With the camp set up, I started prepping the 5m tinnie to go fishing – unstrapping the two 1.5 tonne truck straps that hold it to the trailer.
This is where I reckon many people go wrong – they don’t use straps that are good enough to hold their boat to the trailer – relying on their winch post instead to not move forward.
Sure, that’s its job, but that is also how your winch post gets snapped off.
Most people have only one or two small straps on the back of the boat and, in my opinion, that’s not good enough.
My boat has been fully reinforced inside and around the seats – to handle being strapped down tight to the trailer.
In fact, I reckon if my winch post wasn’t there, the boat wouldn’t move much at all because it’s strapped down so well.

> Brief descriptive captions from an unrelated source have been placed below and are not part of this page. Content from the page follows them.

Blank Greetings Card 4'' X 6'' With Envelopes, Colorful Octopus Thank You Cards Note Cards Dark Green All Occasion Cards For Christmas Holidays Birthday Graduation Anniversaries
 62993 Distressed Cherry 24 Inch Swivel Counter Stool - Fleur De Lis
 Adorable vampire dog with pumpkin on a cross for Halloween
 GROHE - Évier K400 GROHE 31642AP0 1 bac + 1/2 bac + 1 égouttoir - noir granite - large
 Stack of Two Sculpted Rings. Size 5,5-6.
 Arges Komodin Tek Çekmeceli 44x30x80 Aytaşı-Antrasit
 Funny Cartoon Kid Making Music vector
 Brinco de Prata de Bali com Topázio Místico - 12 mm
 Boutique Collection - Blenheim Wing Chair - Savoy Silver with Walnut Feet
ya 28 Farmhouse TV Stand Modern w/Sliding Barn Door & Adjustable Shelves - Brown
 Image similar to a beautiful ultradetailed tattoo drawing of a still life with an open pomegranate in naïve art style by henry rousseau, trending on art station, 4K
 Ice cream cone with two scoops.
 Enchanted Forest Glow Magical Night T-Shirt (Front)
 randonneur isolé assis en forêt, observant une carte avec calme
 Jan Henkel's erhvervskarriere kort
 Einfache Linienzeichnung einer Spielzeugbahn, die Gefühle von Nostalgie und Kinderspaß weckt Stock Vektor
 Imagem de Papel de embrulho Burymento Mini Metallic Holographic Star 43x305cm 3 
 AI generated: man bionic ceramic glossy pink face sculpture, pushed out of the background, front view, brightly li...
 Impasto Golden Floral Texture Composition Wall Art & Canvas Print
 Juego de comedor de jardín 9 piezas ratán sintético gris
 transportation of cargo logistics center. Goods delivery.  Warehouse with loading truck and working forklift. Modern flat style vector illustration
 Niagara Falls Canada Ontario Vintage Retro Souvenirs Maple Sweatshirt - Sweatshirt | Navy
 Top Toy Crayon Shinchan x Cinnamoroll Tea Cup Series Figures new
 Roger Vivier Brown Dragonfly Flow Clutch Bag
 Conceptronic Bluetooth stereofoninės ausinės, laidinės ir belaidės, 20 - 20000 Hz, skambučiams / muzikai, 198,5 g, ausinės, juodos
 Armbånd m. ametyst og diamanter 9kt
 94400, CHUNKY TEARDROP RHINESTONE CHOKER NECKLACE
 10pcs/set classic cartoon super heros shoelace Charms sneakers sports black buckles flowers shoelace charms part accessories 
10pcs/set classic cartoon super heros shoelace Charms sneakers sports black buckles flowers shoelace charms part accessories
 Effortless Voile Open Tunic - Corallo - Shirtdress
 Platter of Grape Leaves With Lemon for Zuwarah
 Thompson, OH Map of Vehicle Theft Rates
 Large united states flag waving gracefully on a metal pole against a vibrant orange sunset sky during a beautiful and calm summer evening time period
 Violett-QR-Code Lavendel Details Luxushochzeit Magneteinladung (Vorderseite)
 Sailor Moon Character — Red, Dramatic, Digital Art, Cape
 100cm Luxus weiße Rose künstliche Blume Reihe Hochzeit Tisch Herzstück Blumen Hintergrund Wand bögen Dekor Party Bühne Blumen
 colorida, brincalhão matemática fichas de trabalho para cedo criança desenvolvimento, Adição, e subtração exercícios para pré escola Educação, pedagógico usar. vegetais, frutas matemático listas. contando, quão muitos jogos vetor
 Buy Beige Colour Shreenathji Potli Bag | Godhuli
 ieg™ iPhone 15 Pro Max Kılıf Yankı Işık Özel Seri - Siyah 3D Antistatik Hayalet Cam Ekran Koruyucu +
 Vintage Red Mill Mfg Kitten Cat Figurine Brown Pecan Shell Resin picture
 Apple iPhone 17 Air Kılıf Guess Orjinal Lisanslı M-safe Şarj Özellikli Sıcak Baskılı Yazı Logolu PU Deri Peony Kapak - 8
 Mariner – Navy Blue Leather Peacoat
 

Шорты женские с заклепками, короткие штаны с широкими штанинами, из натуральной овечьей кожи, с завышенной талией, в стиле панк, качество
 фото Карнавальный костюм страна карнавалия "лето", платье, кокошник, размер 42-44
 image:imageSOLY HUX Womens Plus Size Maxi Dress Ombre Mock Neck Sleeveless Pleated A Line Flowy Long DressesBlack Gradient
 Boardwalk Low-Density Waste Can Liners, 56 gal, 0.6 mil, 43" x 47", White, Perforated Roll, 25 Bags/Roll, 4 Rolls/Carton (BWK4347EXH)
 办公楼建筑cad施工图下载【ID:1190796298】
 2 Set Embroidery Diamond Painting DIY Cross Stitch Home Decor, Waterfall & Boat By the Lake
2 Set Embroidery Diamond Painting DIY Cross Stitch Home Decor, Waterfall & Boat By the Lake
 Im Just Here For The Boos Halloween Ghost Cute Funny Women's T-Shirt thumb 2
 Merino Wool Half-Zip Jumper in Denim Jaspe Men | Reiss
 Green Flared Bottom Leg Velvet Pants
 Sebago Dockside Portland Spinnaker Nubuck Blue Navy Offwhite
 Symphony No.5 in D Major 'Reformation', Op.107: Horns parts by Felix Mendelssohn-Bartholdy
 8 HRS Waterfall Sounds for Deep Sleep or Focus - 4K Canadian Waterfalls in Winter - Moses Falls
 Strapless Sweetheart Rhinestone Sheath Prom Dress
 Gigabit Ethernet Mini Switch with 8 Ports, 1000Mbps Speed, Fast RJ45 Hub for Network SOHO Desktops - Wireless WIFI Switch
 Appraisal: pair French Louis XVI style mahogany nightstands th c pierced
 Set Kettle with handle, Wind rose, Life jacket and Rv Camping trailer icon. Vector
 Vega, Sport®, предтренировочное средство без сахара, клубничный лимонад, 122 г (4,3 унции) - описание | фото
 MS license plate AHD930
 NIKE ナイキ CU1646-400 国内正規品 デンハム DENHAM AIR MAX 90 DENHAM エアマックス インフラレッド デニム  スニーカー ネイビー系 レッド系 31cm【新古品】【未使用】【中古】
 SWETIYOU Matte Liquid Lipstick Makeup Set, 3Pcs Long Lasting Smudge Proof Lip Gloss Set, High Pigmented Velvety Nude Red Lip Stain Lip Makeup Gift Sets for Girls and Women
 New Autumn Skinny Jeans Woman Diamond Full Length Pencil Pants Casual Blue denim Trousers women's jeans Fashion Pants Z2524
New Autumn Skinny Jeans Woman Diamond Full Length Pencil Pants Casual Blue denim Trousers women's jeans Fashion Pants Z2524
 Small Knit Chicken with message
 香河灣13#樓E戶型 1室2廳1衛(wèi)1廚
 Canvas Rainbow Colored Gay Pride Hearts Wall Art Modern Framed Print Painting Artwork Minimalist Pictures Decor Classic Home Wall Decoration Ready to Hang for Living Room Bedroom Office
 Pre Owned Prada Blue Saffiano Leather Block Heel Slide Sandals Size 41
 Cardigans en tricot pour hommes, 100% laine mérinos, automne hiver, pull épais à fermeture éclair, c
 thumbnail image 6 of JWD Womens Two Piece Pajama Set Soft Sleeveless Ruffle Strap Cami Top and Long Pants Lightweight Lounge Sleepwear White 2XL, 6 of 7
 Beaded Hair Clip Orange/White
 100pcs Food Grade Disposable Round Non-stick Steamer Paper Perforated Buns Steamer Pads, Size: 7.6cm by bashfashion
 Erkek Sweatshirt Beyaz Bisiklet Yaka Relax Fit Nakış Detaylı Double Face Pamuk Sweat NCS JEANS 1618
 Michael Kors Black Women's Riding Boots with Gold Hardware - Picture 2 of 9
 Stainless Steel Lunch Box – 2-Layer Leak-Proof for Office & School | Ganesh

What helps is to have a combination of rollers and long skids, and a lot more than on a standard trailer, which helps get my boat anywhere in good shape.
After a few hours, the boat was ready, so we slipped up the river and got ourselves some bait with the cast and scoop net.
We had a nice mix of mullet, biddies and blue claw rock crabs then headed offshore for a fish.
Onboard was Ian Fry, Eddy and me. Ian and his wife Jill had camped with our friend Bob for a week or two, so I asked if he wanted to come out with us.
Together we headed up the coast towards Janie Creek and then along the coastline for a bit.
Next minute, the 60hp four-stroke Yamaha coughed and went into limp mode.
I thought it had picked up some weed or a plastic bag, so checked the intake on the outboard leg and saw that it was fine.
I started the motor, and it seemed fine, so away we went. Then it did it again.
I thought I knew what was wrong and the spanners came out – I removed the thermostat, which was seized shut.
It was only 12 months old and had worked fine when I gave the outboard a good run in a drum only a week previous.